**What to do:** Below this line is a set of entries; quote exactly the lines from the line that contains "Fashion show Pereira" to the line that contains "NARJES ⚜️taille 34 à 46⚜️", both lines included.

**Working data:**
▽

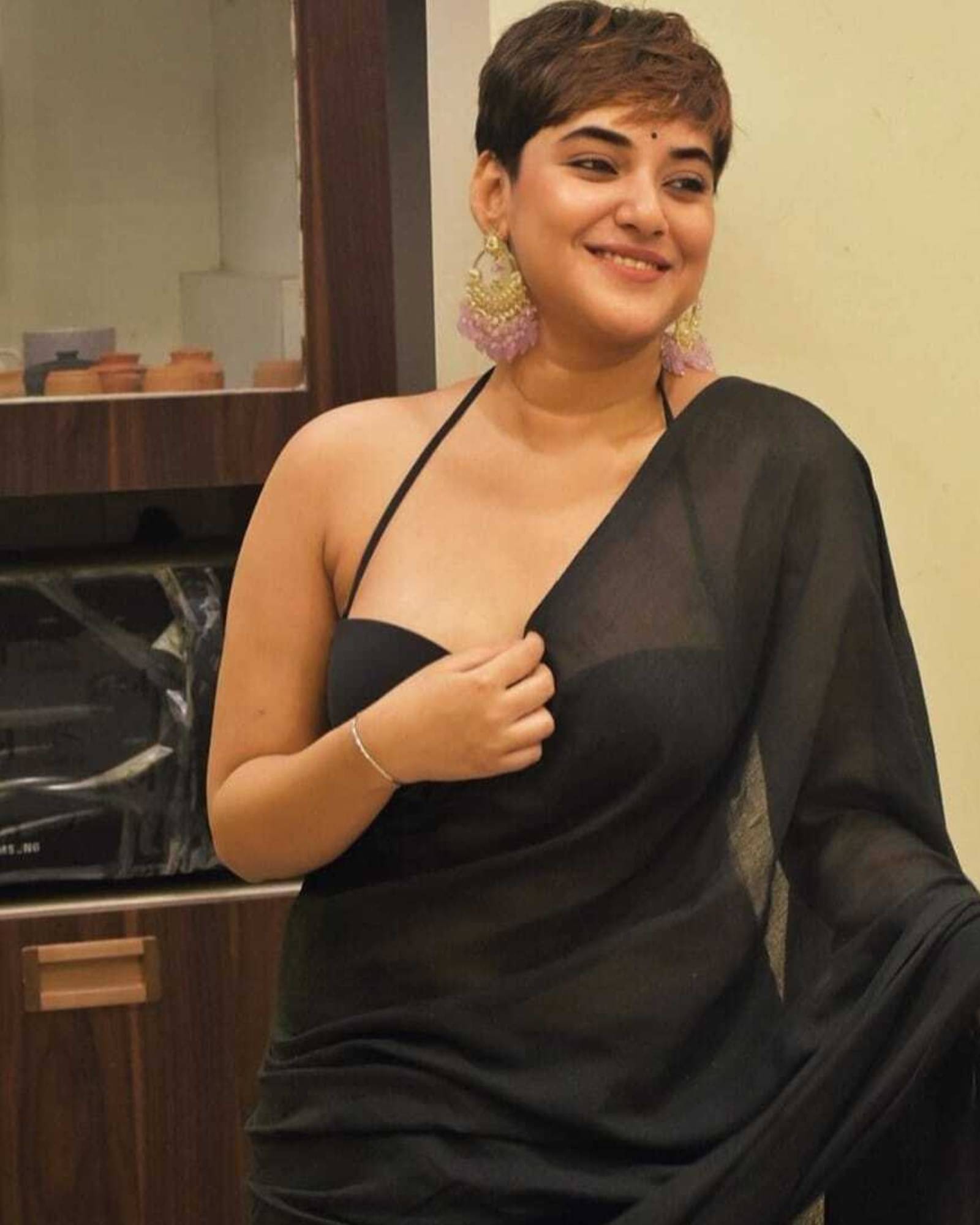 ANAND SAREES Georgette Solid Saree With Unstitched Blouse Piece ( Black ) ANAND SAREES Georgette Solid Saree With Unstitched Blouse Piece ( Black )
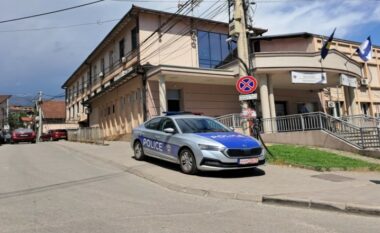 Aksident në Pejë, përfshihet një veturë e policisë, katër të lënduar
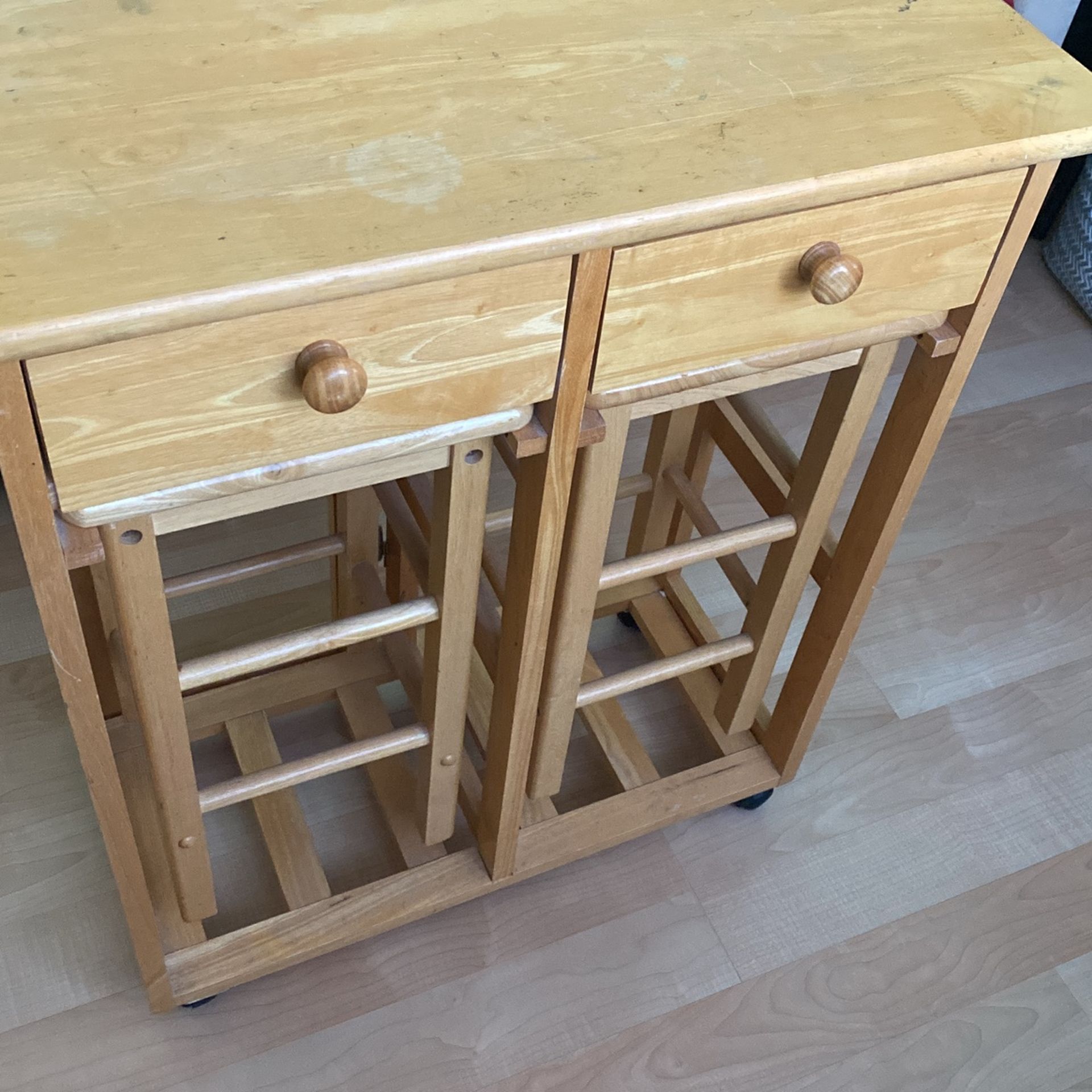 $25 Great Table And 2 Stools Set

△
▽

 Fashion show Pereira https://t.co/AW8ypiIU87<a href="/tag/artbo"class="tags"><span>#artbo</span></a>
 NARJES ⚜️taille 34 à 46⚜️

△
▽

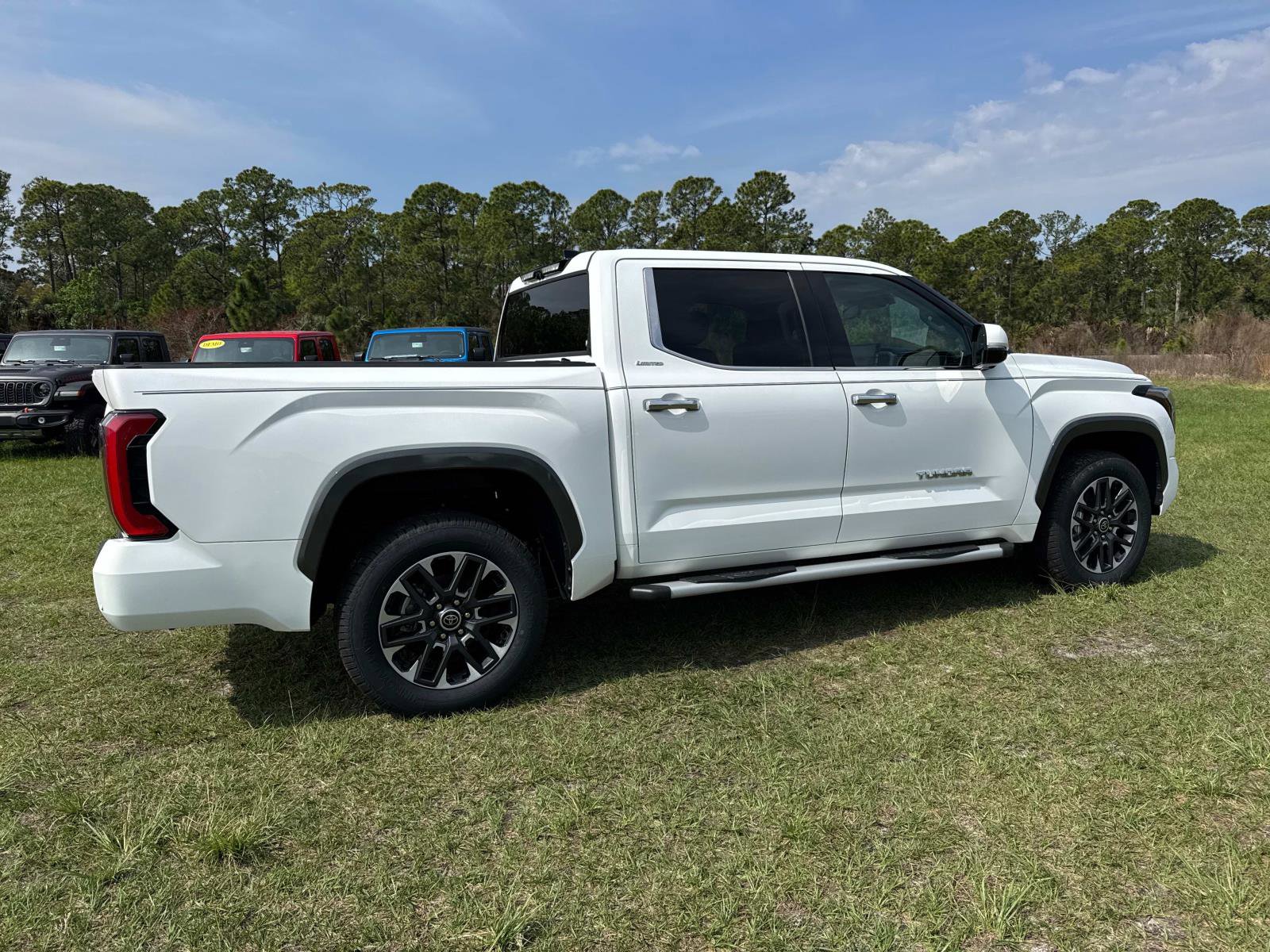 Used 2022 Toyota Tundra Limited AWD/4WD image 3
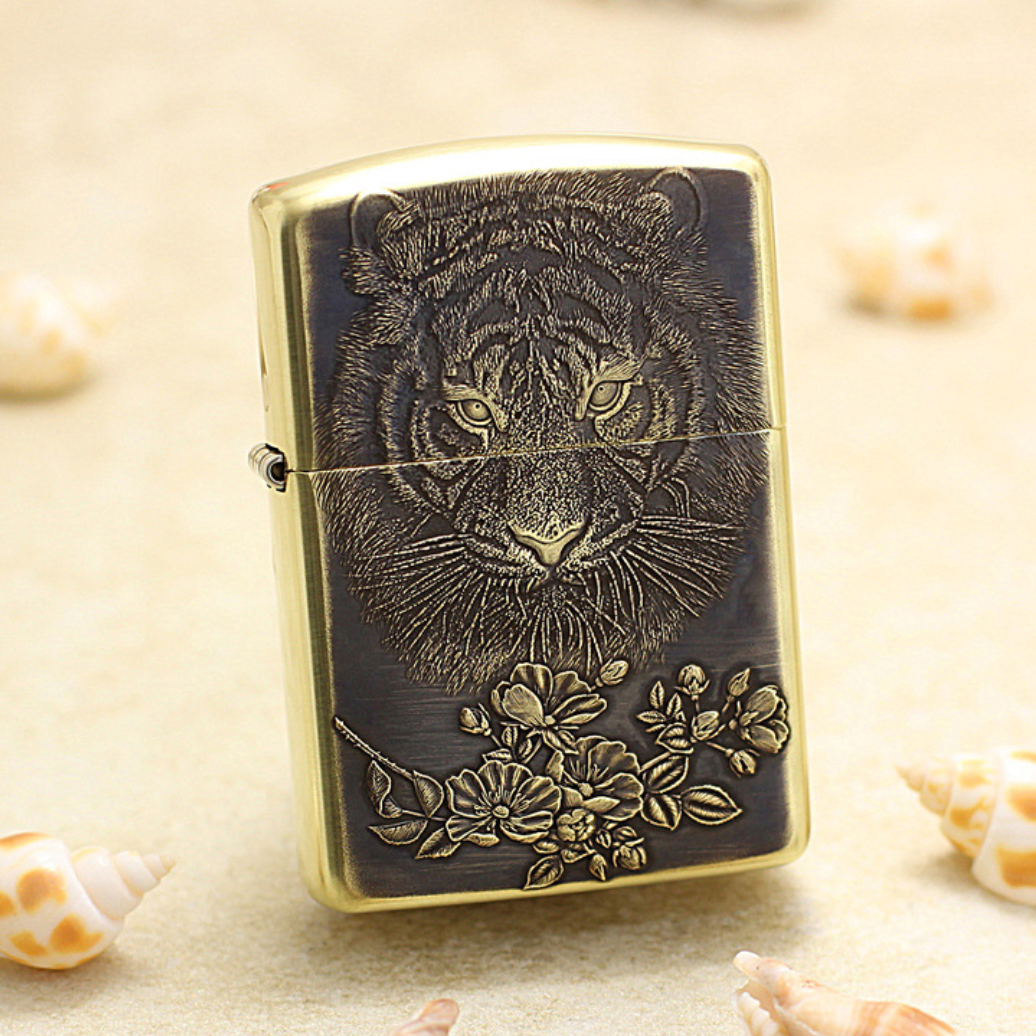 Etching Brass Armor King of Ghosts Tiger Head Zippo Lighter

△

**Result:**
 Fashion show Pereira https://t.co/AW8ypiIU87<a href="/tag/artbo"class="tags"><span>#artbo</span></a>
 NARJES ⚜️taille 34 à 46⚜️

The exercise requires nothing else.